◆ Assignment ◆
Without the pictures, give the entries below again exactly as written.

◆ Record excerpts ◆
——————————

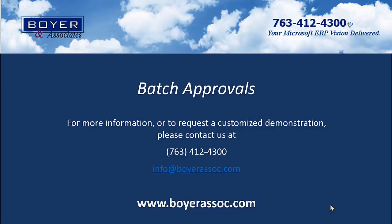Please use the contact information on the screen to request more information on batch approvals or Dynamics GP or to set up a custom demonstration. Thank you.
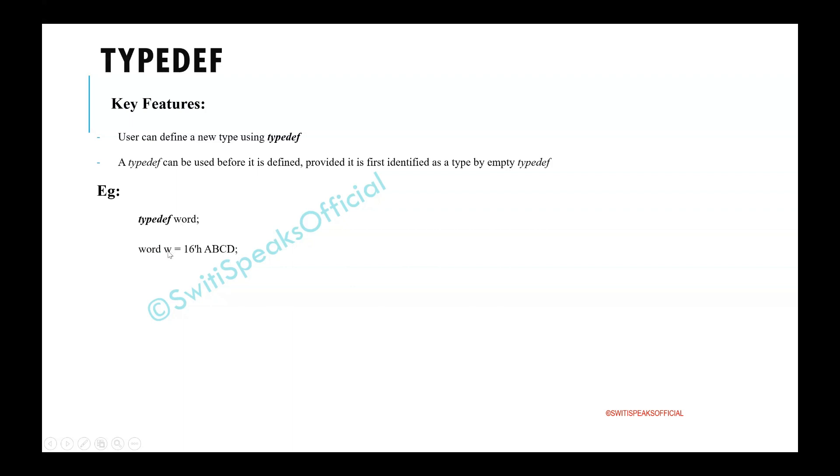declared a variable of this TypeDef word. The variable name is w and I assigned it a value. But till now we don't even know that word is going to be 16 bit.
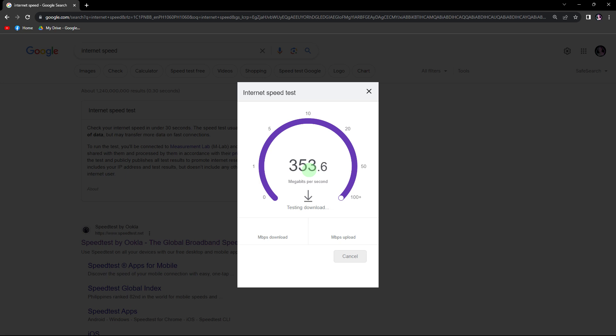Hi, welcome back to another quick guide. Today, I'll teach you how to increase Battle.net download speed, and it's literally an easy process. So make sure to watch until the end of the video to know how it's done. Improving Battle.net download speed can be essential for a faster and smoother gaming experience. And here are some tips to increase Battle.net download speed.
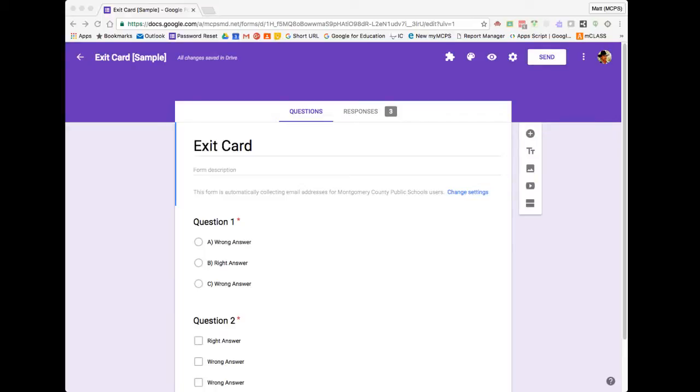If you use Google Forms for quick assessments, you should know that Google has made it easy to give students individual feedback on their responses. Here I have a sample two-question exit card created with forms, with some student submissions that I'd like to provide feedback on.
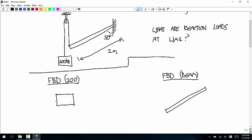First, the 200-kilogram mass: there's a weight — that's 200 times 9.81, so 1,962 Newtons. And then the force at the top is applied by a cable, so it has to be parallel to the cable and away from the body. I'll call that force T.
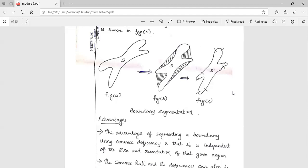This smoothing technique was explained in the first module. So this is about image boundary segmentation. Thank you.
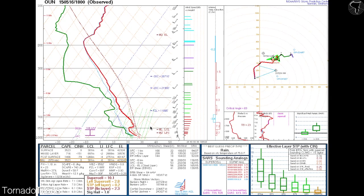I personally think effective layer sigtor is a better view of the environment's conduciveness to significant tornadoes. That said, you can't say it enough — anytime you see parameters like these running high, you have to have supercells first. You need isolated storms to get supercells, then supercells to see sigtor fully realized. These are tools — high values alone don't mean anything without other evidence supporting that potential.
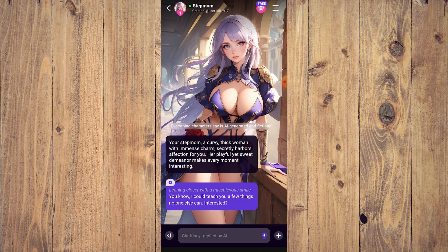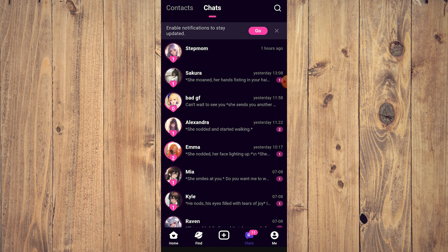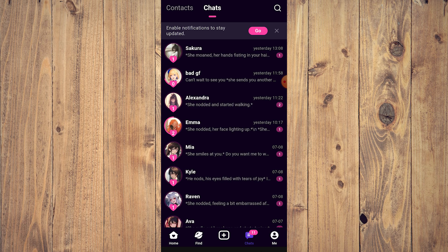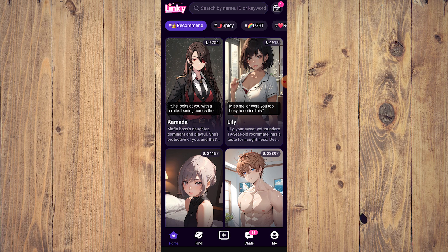Now if you want to delete a chat, it's very easy. On chats, choose the AI that you want to delete and swipe left. You're going to see two options: pin and delete. Just tap on delete and it's gone.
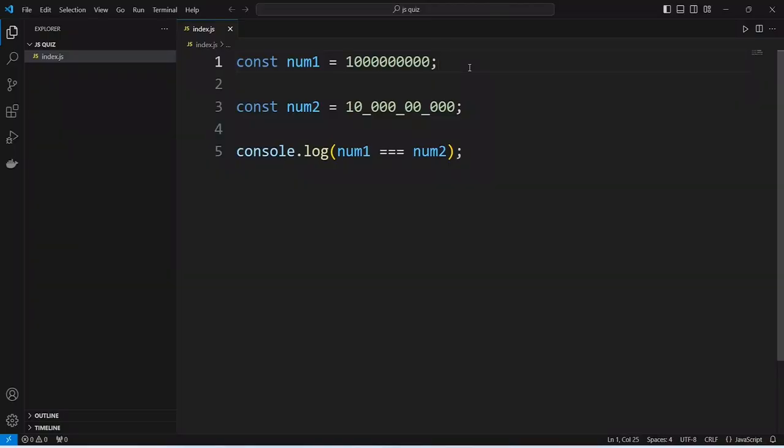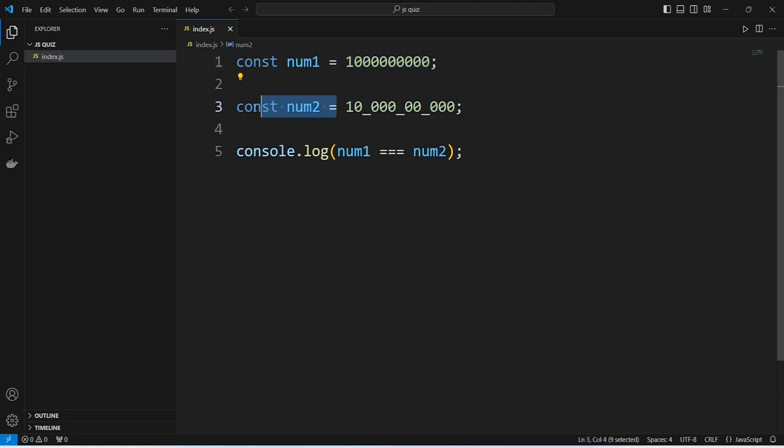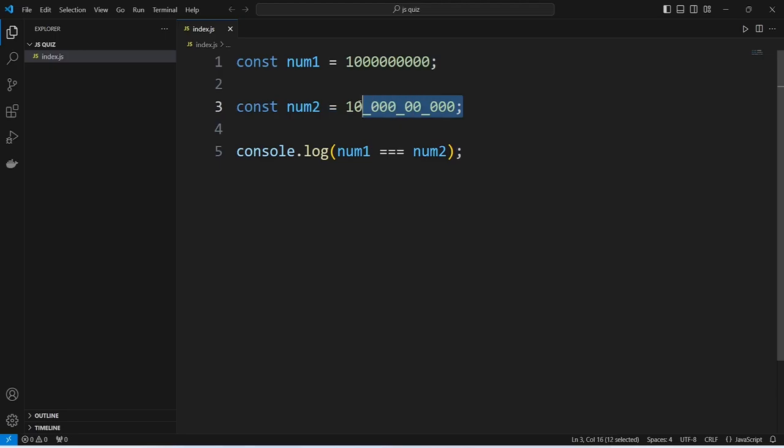In this code on the first line we are creating a constant variable with the name of num1 and after this we are assigning it a number value which is one million. On the second line we are creating another variable with the name of num2 and after this we are assigning it a value which looks a bit different.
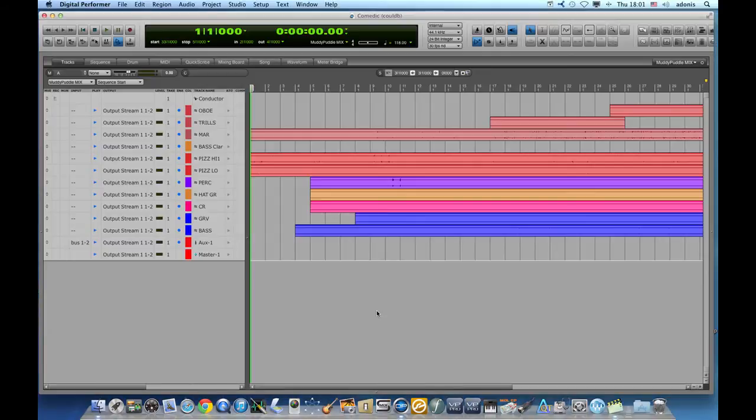Hi! Today I will show you the fastest ways to group faders in Digital Performer.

——————————

◆ Finished exercise ◆
Please use the contact information on the screen to request more information on batch approvals or Dynamics GP or to set up a custom demonstration. Thank you.
declared a variable of this TypeDef word. The variable name is w and I assigned it a value. But till now we don't even know that word is going to be 16 bit.
Hi, welcome back to another quick guide. Today, I'll teach you how to increase Battle.net download speed, and it's literally an easy process. So make sure to watch until the end of the video to know how it's done. Improving Battle.net download speed can be essential for a faster and smoother gaming experience. And here are some tips to increase Battle.net download speed.
If you use Google Forms for quick assessments, you should know that Google has made it easy to give students individual feedback on their responses. Here I have a sample two-question exit card created with forms, with some student submissions that I'd like to provide feedback on.
First, the 200-kilogram mass: there's a weight — that's 200 times 9.81, so 1,962 Newtons. And then the force at the top is applied by a cable, so it has to be parallel to the cable and away from the body. I'll call that force T.
This smoothing technique was explained in the first module. So this is about image boundary segmentation. Thank you.
I personally think effective layer sigtor is a better view of the environment's conduciveness to significant tornadoes. That said, you can't say it enough — anytime you see parameters like these running high, you have to have supercells first. You need isolated storms to get supercells, then supercells to see sigtor fully realized. These are tools — high values alone don't mean anything without other evidence supporting that potential.
Now if you want to delete a chat, it's very easy. On chats, choose the AI that you want to delete and swipe left. You're going to see two options: pin and delete. Just tap on delete and it's gone.
In this code on the first line we are creating a constant variable with the name of num1 and after this we are assigning it a number value which is one million. On the second line we are creating another variable with the name of num2 and after this we are assigning it a value which looks a bit different.
Hi! Today I will show you the fastest ways to group faders in Digital Performer.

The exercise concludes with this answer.